Ennis wasn’t the only player to unexpectedly leave Syracuse early that season. Sophomore Jerami Grant followed Ennis to The League even though Grant wasn’t a projected first round lock. Despite the opportunity to come back for one more season and play his way into a first rounder, Grant chased the dollars and the dream.
The following season saw the arrival of freshman sensation Chris McCullough. He was supposed to be the latest greatest in a long line of Syracuse freshmen and his stay in upstate New York was expected to last only one year. But McCullough was lost for the season in only his sixteenth game after suffering an ACL tear. Returning now for his sophomore year was assumed given that he wouldn’t be able to show NBA scouts what he could do against ACC competition. The lanky forward, oozing the type of potential to match the length of his wing span, declared anyway and was drafted towards the end of the first round by New Jersey.

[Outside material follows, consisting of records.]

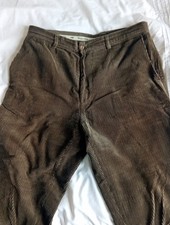 Hoggs fife cords for sale  CIRENCESTER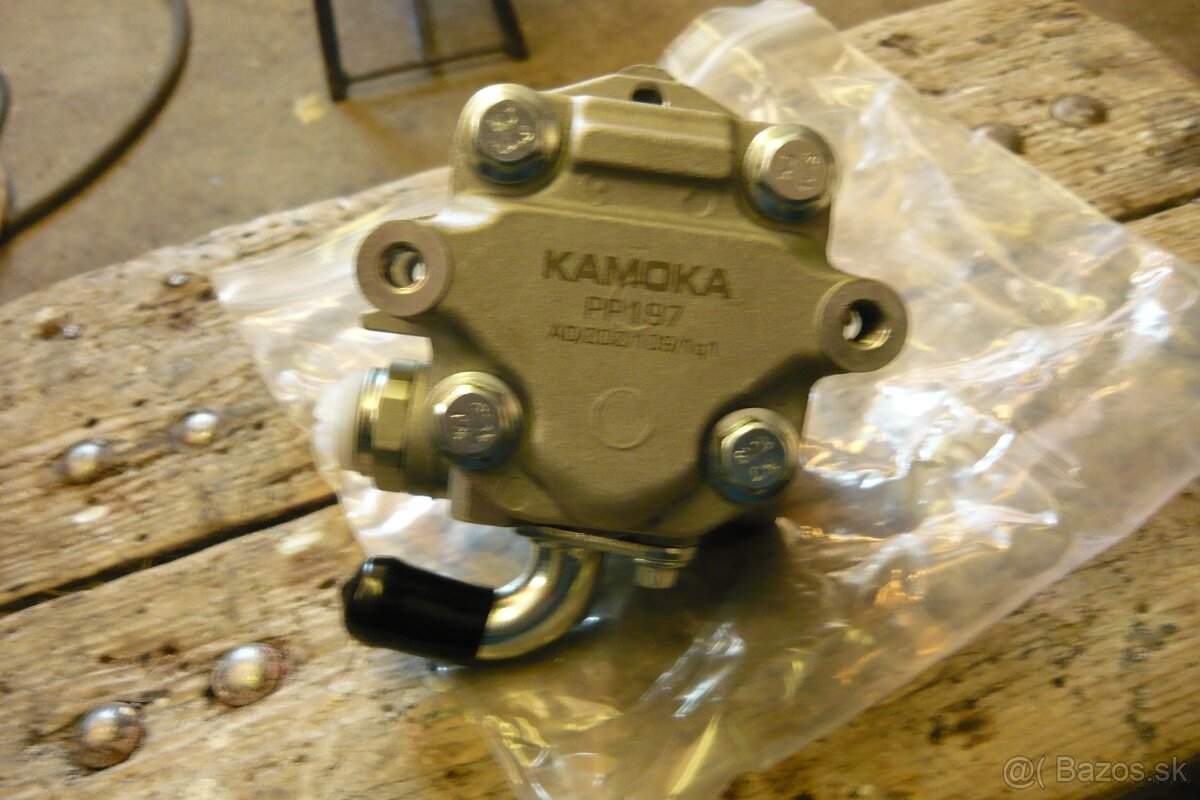 VW transporter T5 1.9tdi - 3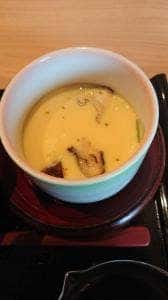茶々
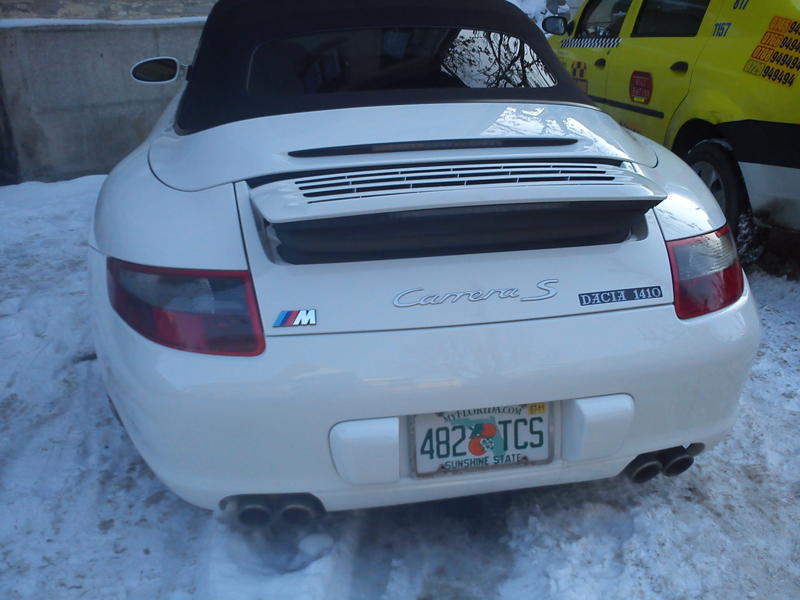 porsche_carrera_s.jpg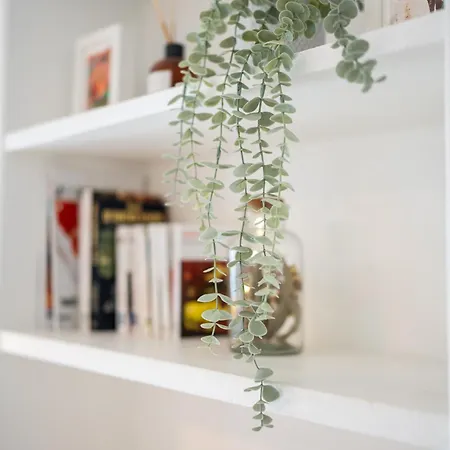 Apartamento Vichéia - 13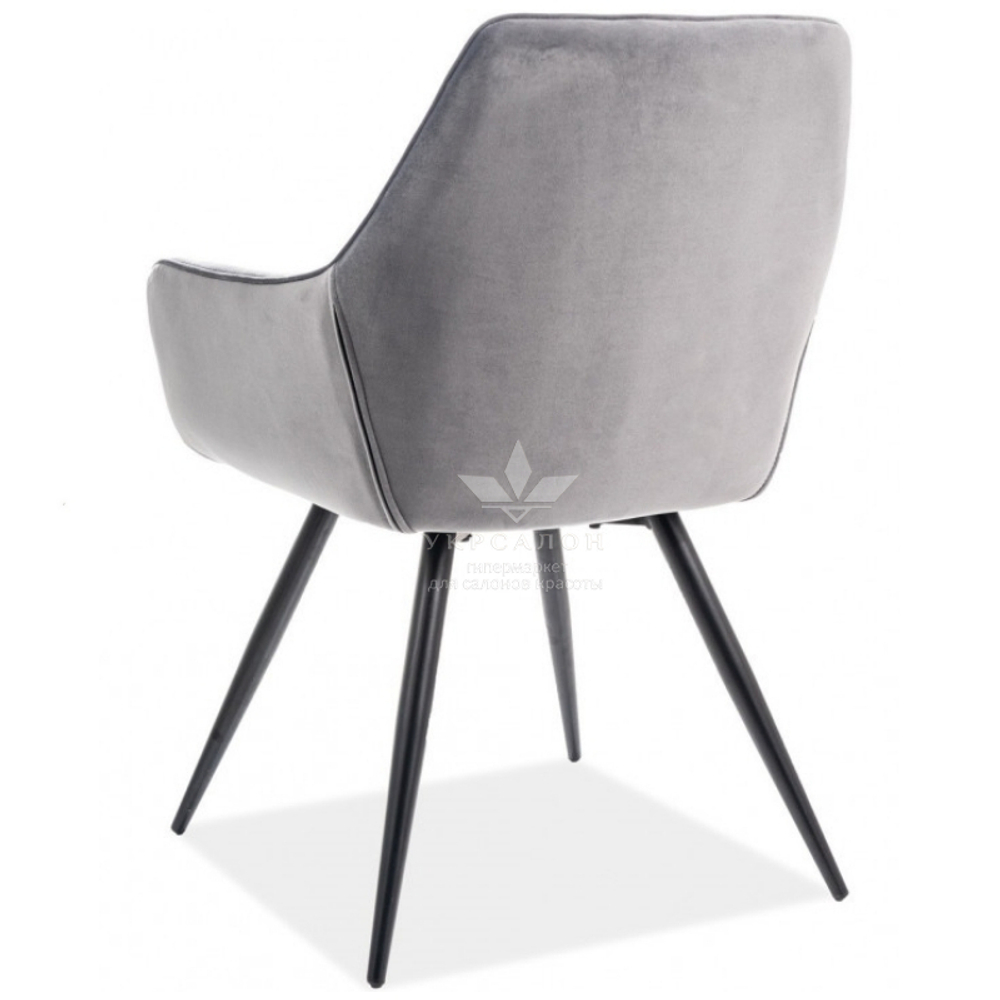 Кресло клиента Linea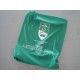 braga_tubularcherin_ceres-textil-y-publicidad_barata_grabacion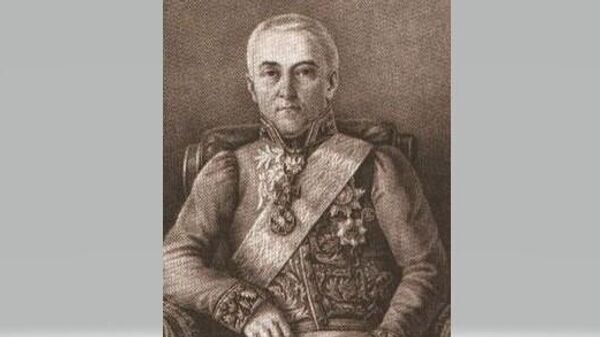    © commons.wikimedia.org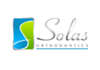 Solas Orthodontics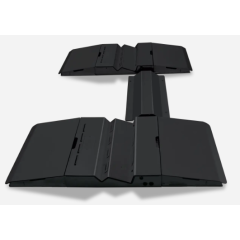 Tyre Tread Depth Measuring System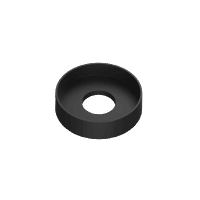 D8-376-001-049 Size 6 Panex Cupped Washer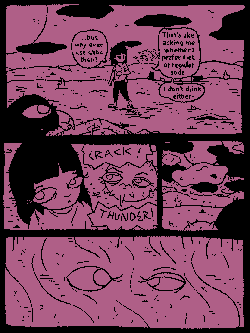 monowinter p1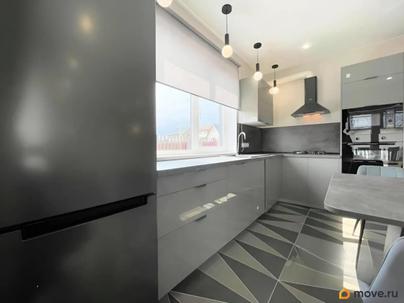 дом, 160 м&sup2;, 8 соток
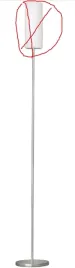 lampa-podlogowa-eglo-troy-3-e27-100-w-bialy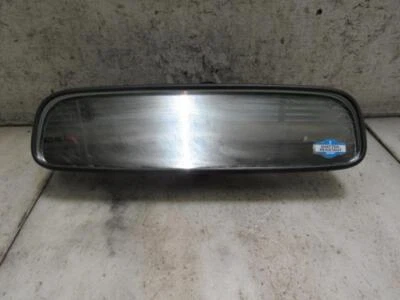 ESPEJO RETROVISOR INTERIOR 08 09 10 11 12 13 14 15 SCION XB Foto 1 de 4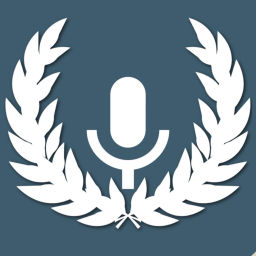 Podcast thumbnail for Passengers Journal Audio Issues & Podcasts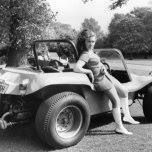 Christine Ramsey Photo 37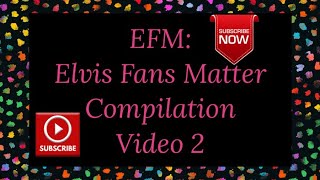 Compilation Video 2 [upl. by Routh]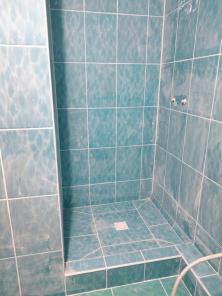 1-к. квартира,  кв.м, 3/5 эт.  Центр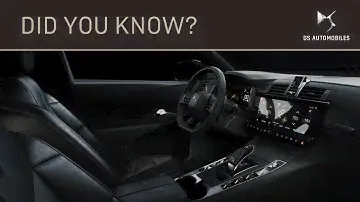 Did You Know | Clous de Paris Guillochage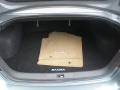 Ocean Gray - Maxima 3.5 SV Photo No. 19
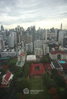 listing thumbnail image 19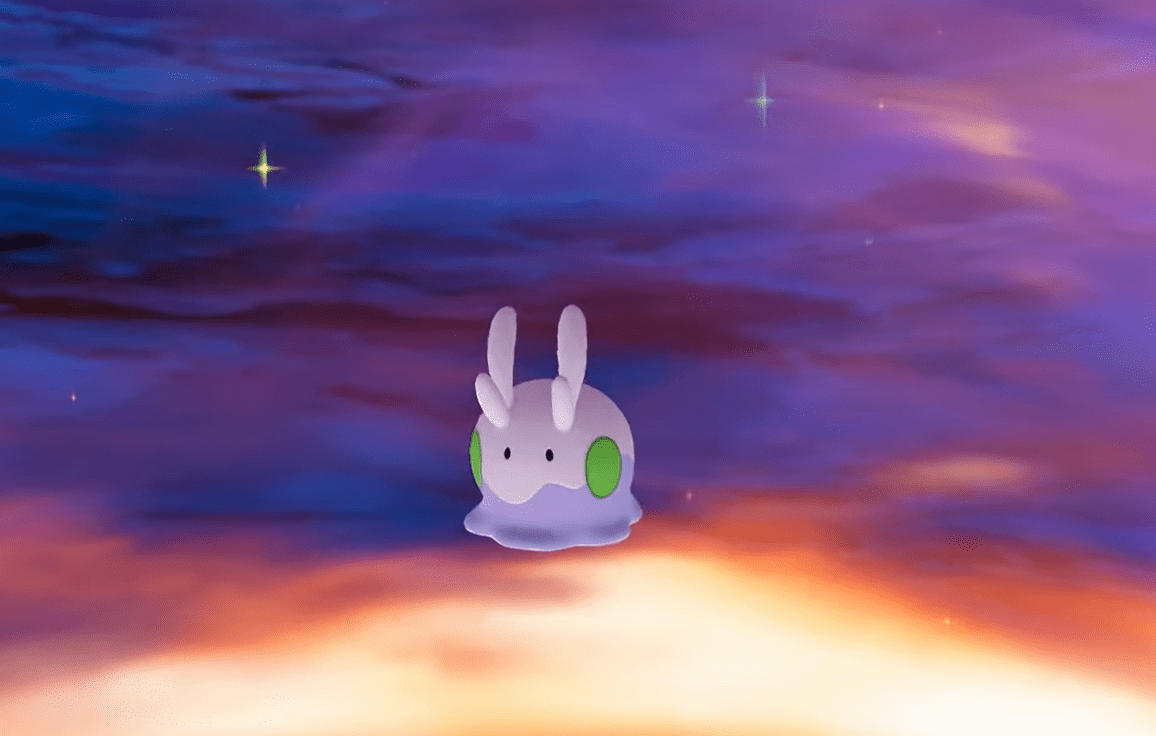 1156x736 Find Goomy in Pokémon Legends Z‑A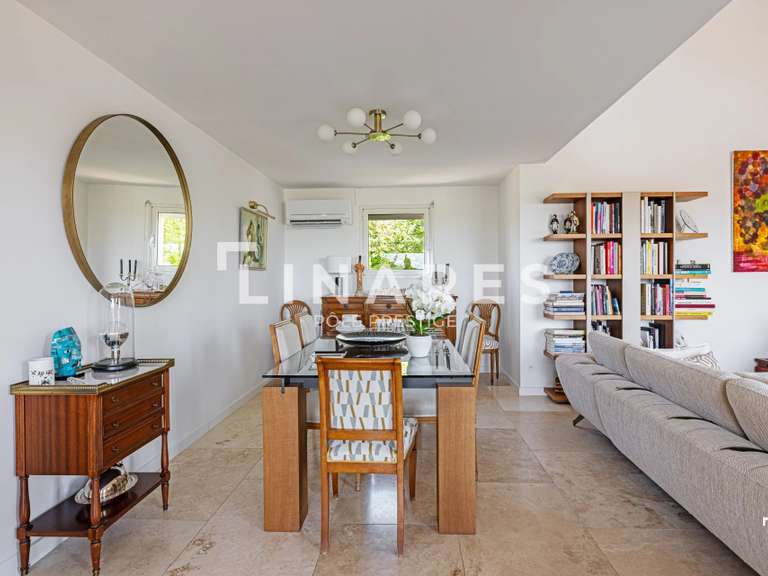 Appartement Aix-en-Provence - 2 chambres - 173m²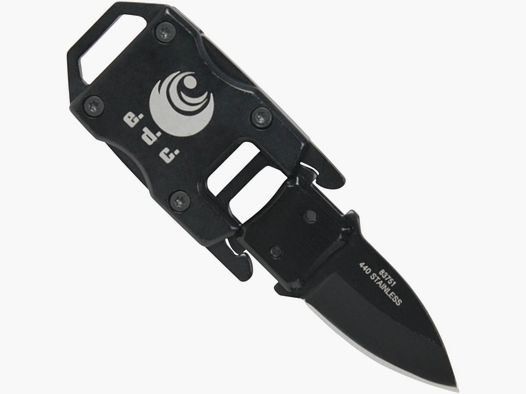 e.d.c. Neck Knife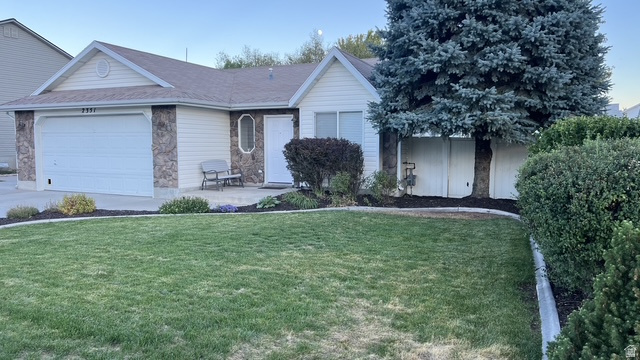 2351 W 1400 N photo 2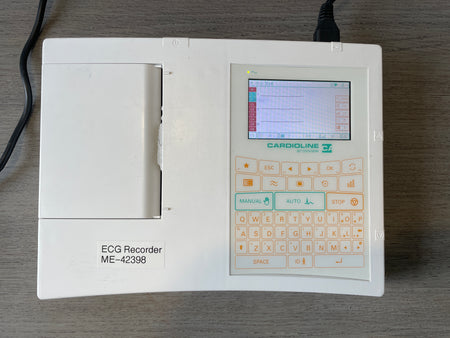 Cardioline-AR1200VIEW-Enregistreur-ECG.jpg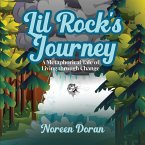 Lil Rock's Journey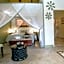 Nguni Lodge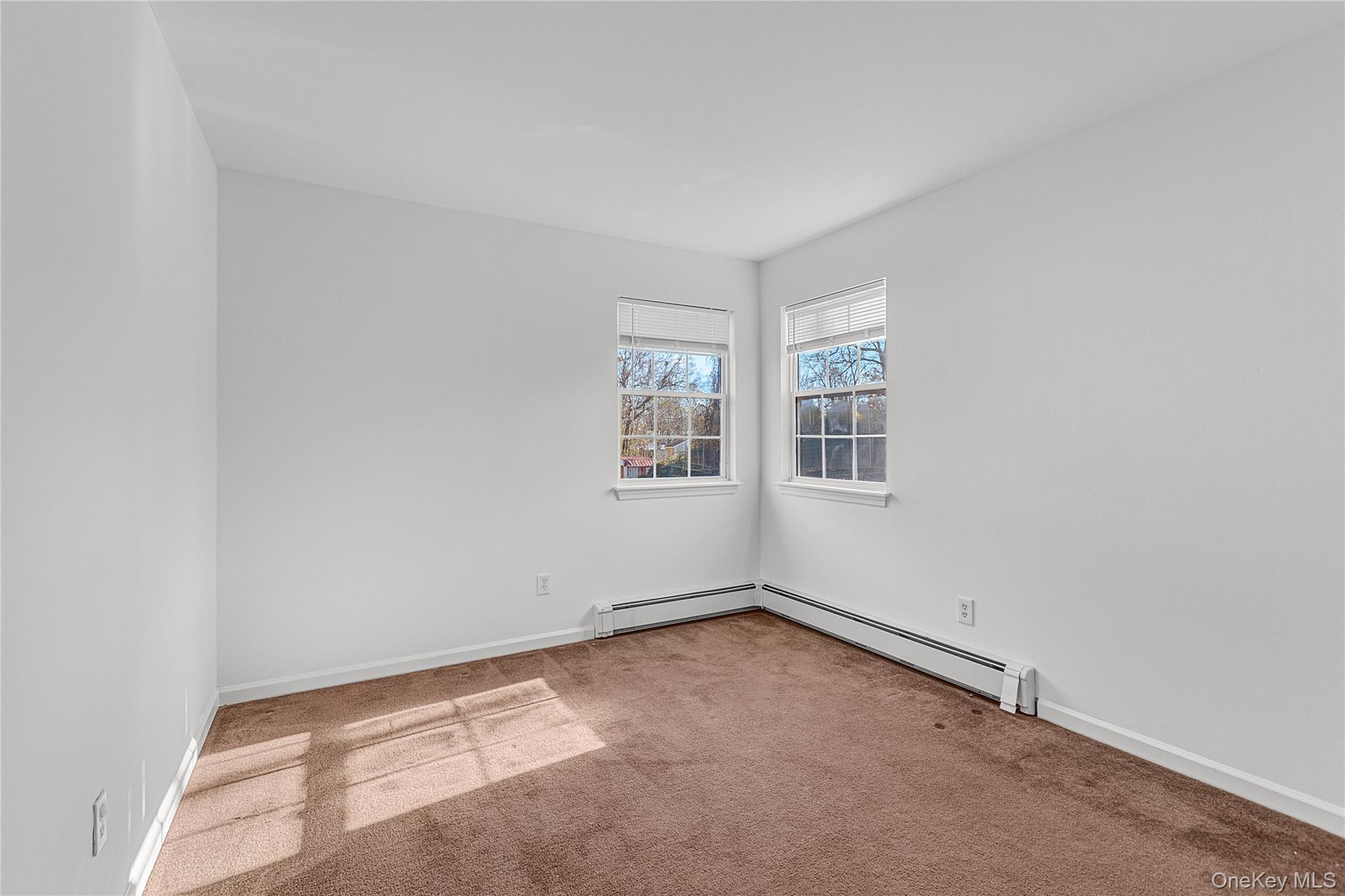 94 Baybright Drive E, Shirley, NY 11967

Ron Patterson and B.J. Johnson were both part of the same recruiting class that delivered Ennis, Tyler Roberson and Chino Obokoh to Syracuse. Following the departure of Ennis, both sophomores figured to be key contributors in their second go around. That never panned out and both players transferred last offseason. Three years in and what was a five player class is basically down to just Roberson as Obokoh is a seldom used reserve.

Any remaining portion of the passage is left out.